THE DATA:
★ ★ ★ ★ ★

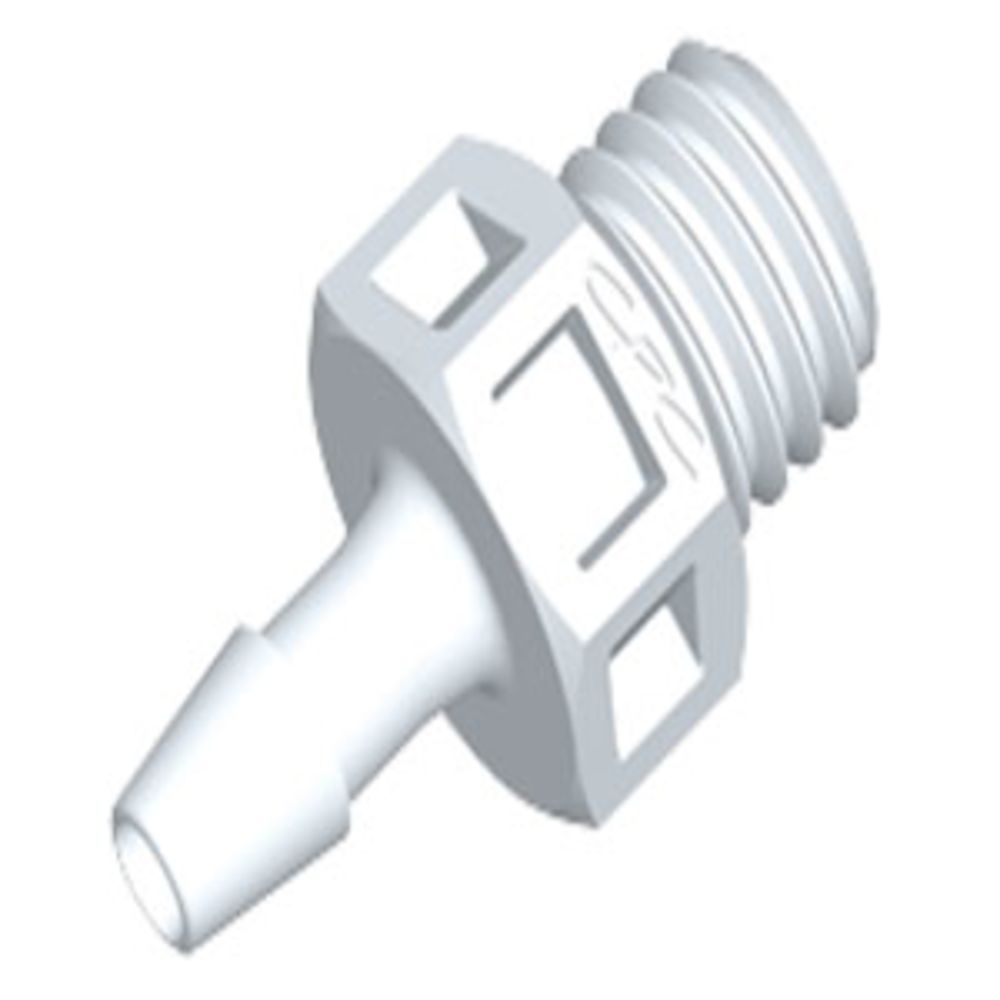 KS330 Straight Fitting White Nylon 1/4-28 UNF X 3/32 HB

★ ★ ★ ★ ★

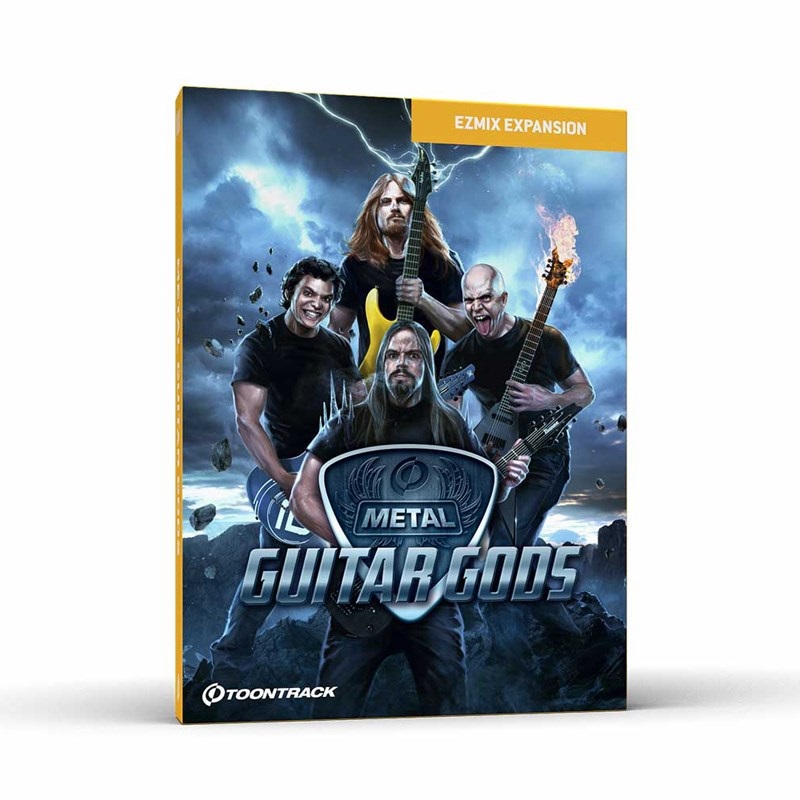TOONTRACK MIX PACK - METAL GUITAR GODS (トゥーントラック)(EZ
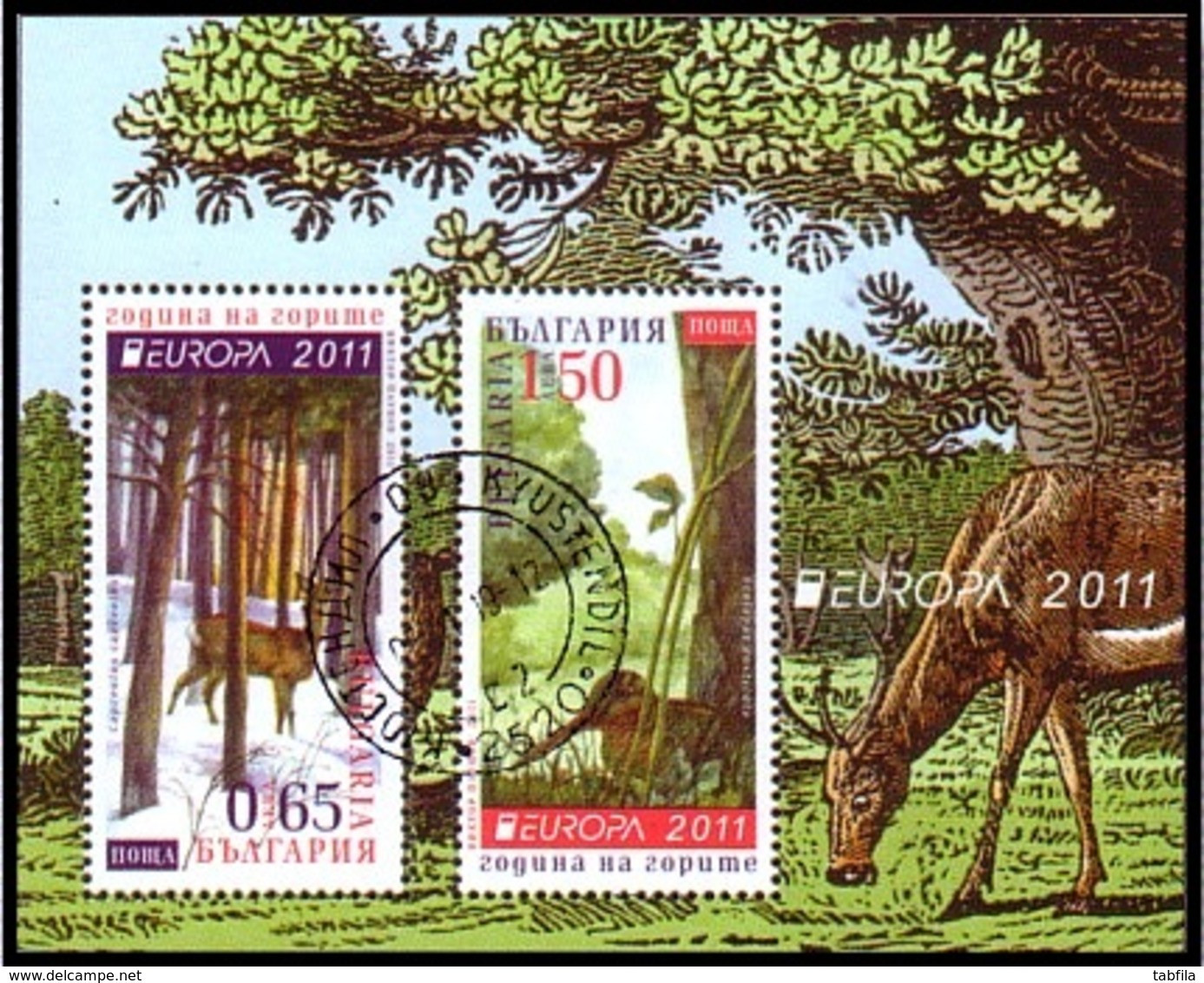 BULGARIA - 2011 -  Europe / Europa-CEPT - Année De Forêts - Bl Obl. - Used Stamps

★ ★ ★ ★ ★

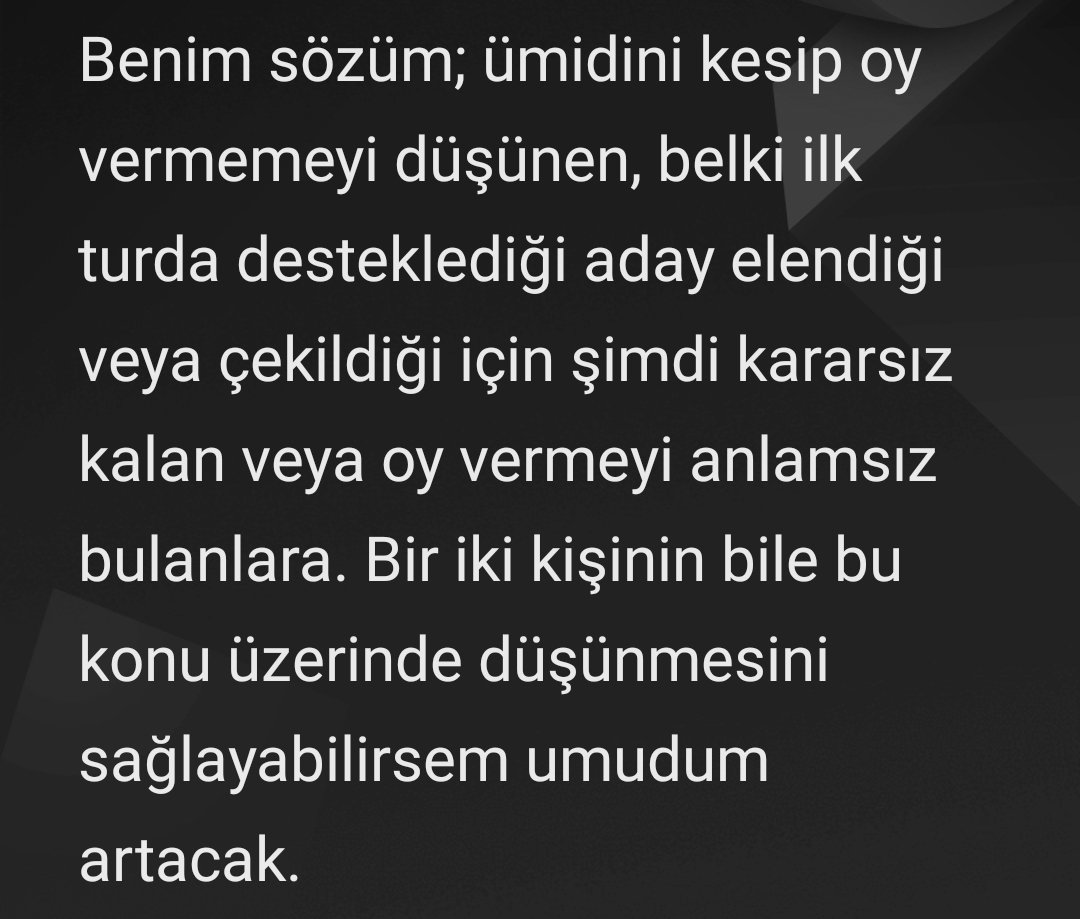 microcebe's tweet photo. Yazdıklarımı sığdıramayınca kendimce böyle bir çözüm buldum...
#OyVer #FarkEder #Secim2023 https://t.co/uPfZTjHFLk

★ ★ ★ ★ ★

Leaving all pictures out, output exactly the lines of the material above from the line with "TOONTRACK MIX PACK" to the line with "BULGARIA - 2011", both included.

OUTPUT FOR THIS EXERCISE:
TOONTRACK MIX PACK - METAL GUITAR GODS (トゥーントラック)(EZ
 BULGARIA - 2011 -  Europe / Europa-CEPT - Année De Forêts - Bl Obl. - Used Stamps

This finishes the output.